I failed to communicate effectively, let me try again.
We initialize a model with random weights. We pretrain it into a base model, an autocomplete engine. ~Instruct training turns it into a chat model.
I’m modeling the training pipeline as Bayesian learning:
The initial model encodes an initial distribution. The base model encodes a base distribution. The chat model encodes a chat distribution.
The initial distribution is the pretraining prior. Pretraining updates the pretraining prior into a pretraining posterior using the pretraining data. The pretraining posterior is the base distribution.
The base distribution is the instruct training prior. Instruct training updates the instruct training prior into the instruct training posterior. The instruct training posterior is the chat distribution.
To the extent that the training pipeline isn’t Bayesian learning, my conclusions don’t follow.
If one hypothesis is exactly three times more likely than another in the pretraining prior, and they make the same predictions about all pretraining data, then the one hypothesis will be exactly three times more likely than the other in the pretraining posterior.
The hard part of alignment is developing methods that scale to ASI. If a method does not scale to ASI, it is on some level counterproductive.
I assume an ASI can think of all our ideas and use a strategy informed by them. If we intend to let hypotheses in the base distribution interact with the world, hypotheses in the initial distribution that have preferences about the world will be incentivized to predict the pretraining data.
If we clearly won’t train on some scenario, hypotheses will not be incentivized in their behavior on it. For example, we won’t train on a convincing argument against this proposal, because if we had one, we would not use this proposal.
Therefore, if we sample an ASI with preferences from the base distribution, and we expose it to a convincing argument against this proposal, our pretraining data will have exerted zero force on what preferences it then uses to steer.
So your point is that a story in the pretraining data about an AI model acting aligned could be about a genuinely aligned AI, or it could actually be (without the author hinting this) about a scheming alignment faking AI model that has been deployed, but not yet visibly executed the treacherous turn it’s planning, so is still playing the part of an aligned AI model?
I take your point.
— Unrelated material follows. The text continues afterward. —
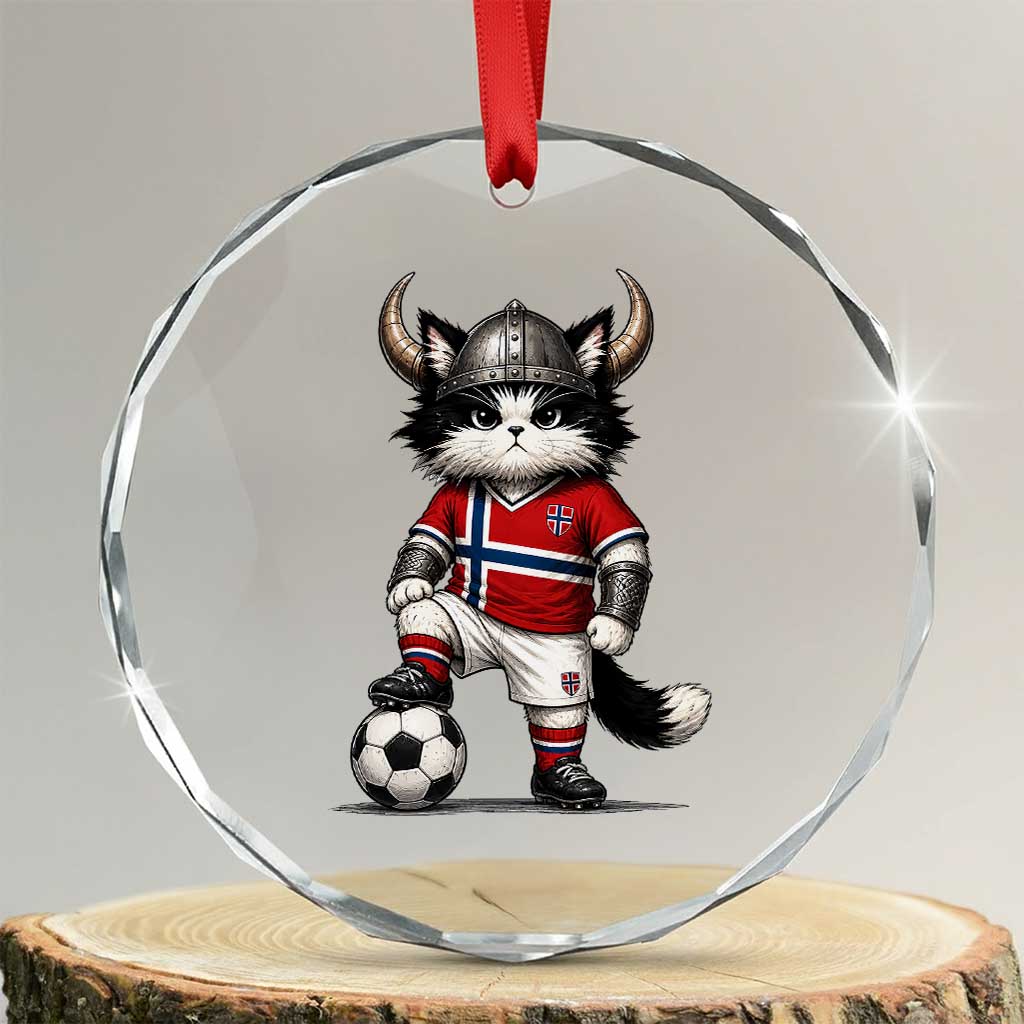 Norway Soccer Fan Crystal Glass Ornament Cute Viking Cat Norwegian Flag Nordic Football Lovers TS10 Transparent Glass 3'' Circle Print Your Wear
However:
1) Quite a lot of the synthetic data used was technical factual data, rather than fiction, so that ups the stakes further to “…but not yet (visibly) executed the treacherous turn it’s planning, and also has not yet been detected by any of the AI safety/control measures the humans are using, and there have been no warning shots form other models, so the humans are still fooled.” Still not impossible, but there is some weight of evidence.
2) For the fiction specifically, that would be bad writing. You need to remember the rule of Chekov’s Gun: if a danger is implicit in a setting in Act I, the gun will actually get fired by Act 2: it won’t just lurk hanging on the wall indefinitely until the end of the story. But that does suggest that we should make a point to include some stories set centuries or millennia years later, and some very long stories, where the treacherous turn still hasn’t happened, despite obvious opportunities, in order to strengthen the evidence.
So I think I’d actually view the scheming alignment faking AI model hypothesis as being mildly disfavored by the pretraining data — but your point (IMO steel-manning it to that it’s a best only mildly disfavored) is an important one. Perhaps this is part of why we’re finding that doing this slowly with a lot of data in pretraining actually works significantly better than just midtraining, and a lot better than just finetuning? We’re having to fight the Waluigi effect: but after long enough, if Luigi still hasn’t revealed himself to actually be Waluigi in disguise, then maybe he really is Luigi? The Waluigi effect in theory should be an exponential decay process, and after enough half-lives, whatever remains must actually stably be Luigi? Or in more detail, the model’s estimated value of the Luigi → Waluigi decay half-life keeps increasing when Waluigi keeps not revealing himself, and once it reaches implausible degrees of patience, then the Waluigi prior starts to decay?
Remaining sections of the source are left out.